Keenam, puasa melatih atau menanamkan sikap amanah. Dalam tafsir Ar-razi, amanah dimaknai sebagai (i) attauhid, menjalankan apa yang diperintahkan Allah dan menjauhi larangan-Nya, memanfaatkan anugerah Allah seperti anggota badan, harta benda untuk kebaikan; (ii) amanah antarpribadi dan pemimpin yang diterapkan dalam kehidupan sehari-hari, seperti transaksi, kegiatan kemasyarakatan, pekerjaan, dan sejenisnya. Termasuk berlaku adil dan berbuat untuk kemaslahatan umat dan tidak menyalahgunakan kekuasaan, serta (iii) amanah terhadap ulama adalah tidak membawa umat kepada taashub (sektarianisme), tetapi membawa umat pada iktikad dan amal yang bermanfaat bagi kehidupan dunia dan akhirat dan tidak melakukan zalim.

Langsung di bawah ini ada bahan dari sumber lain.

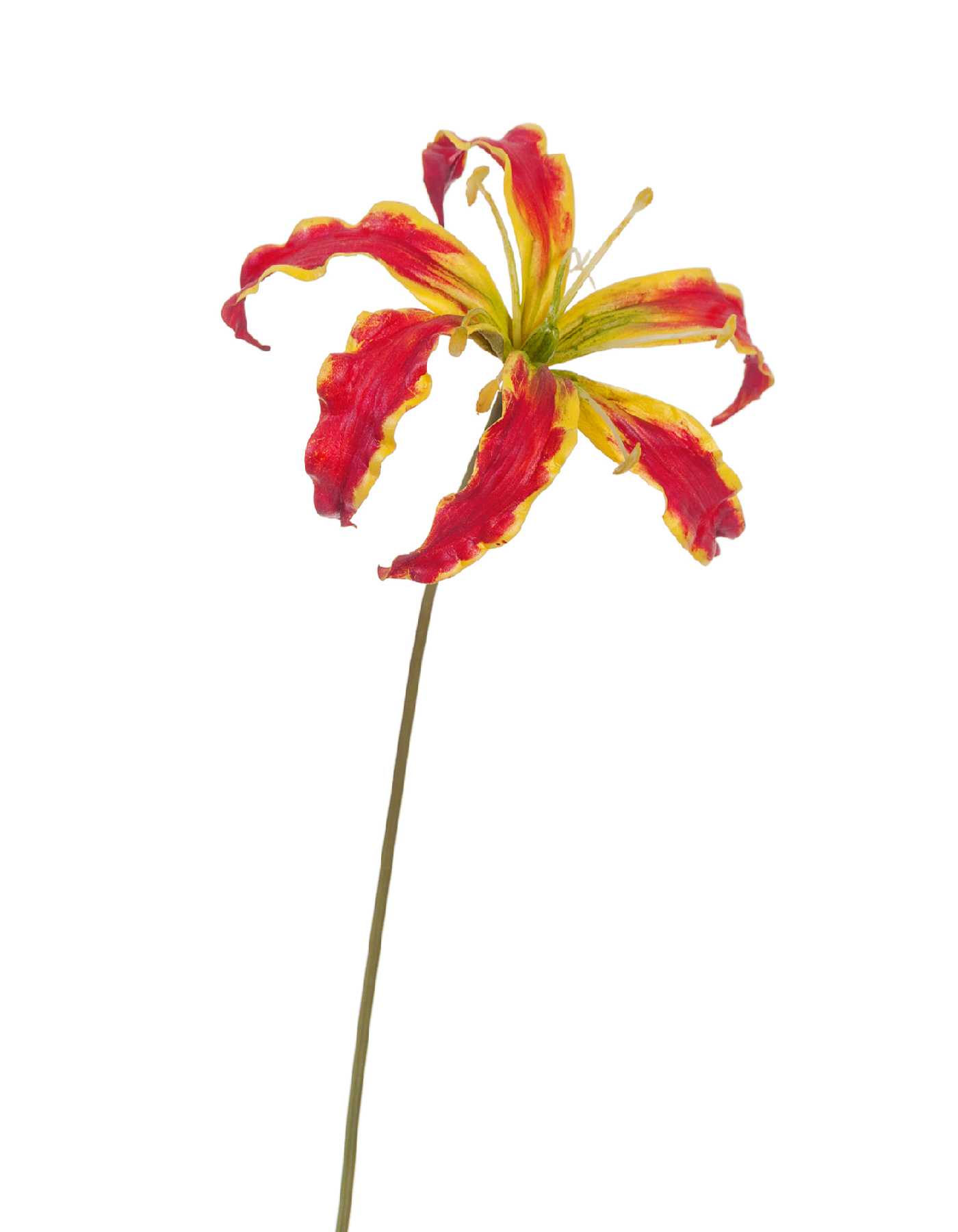 Глориоза алая с жёлтым д-14 см, в-28 см 6/72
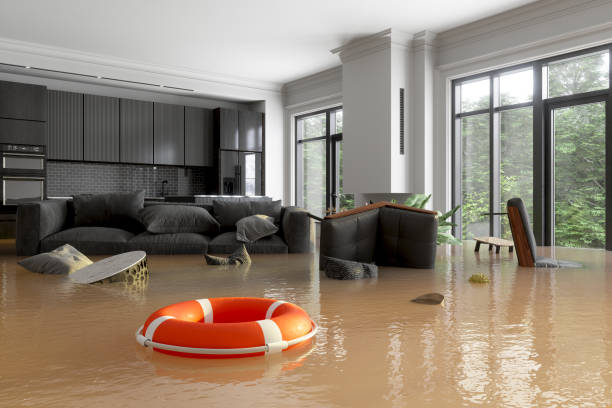 Senoia GA Water Damage Services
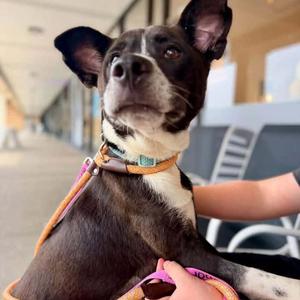 Bay Leaf, Mixed Breed (Medium), adult, available for adoption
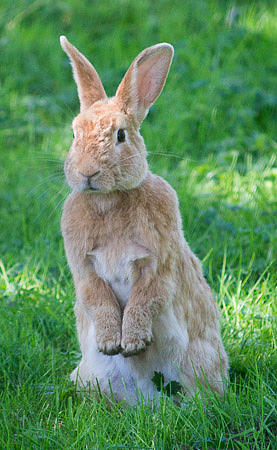 Nature Photograph - Curious Bunny by Jeannie Sanders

Ketujuh, pegendalian diri. Kemampuan untuk memaafkan perbuatan zalim dan hilm serta akhlak mulia yang merupakan parameter ketakwaan seseorang sebagai mana tercantum dalam Ali Imran (QS 3: 134).
Perlu kiranya menimbang ungkapan Mufasir Asy-Sya’rawi; "Aneh atau janggal kalau selama Ramadan kita rajin berbuat baik (ibadah) dalam relasi dengan Allah dan sesama manusia. Namun, amaliah tersebut berakhir ketika Ramadan telah pergi."
Ramadan datang untuk mendidik kita agar hidup dan berakhlak baik sepanjang masa dalam kondisi apa pun. Semoga nilai ibadah kita melekat dan terpancar dalam kehidupan kita pascabulan Ramadan. Amin. Walallahu ‘alam.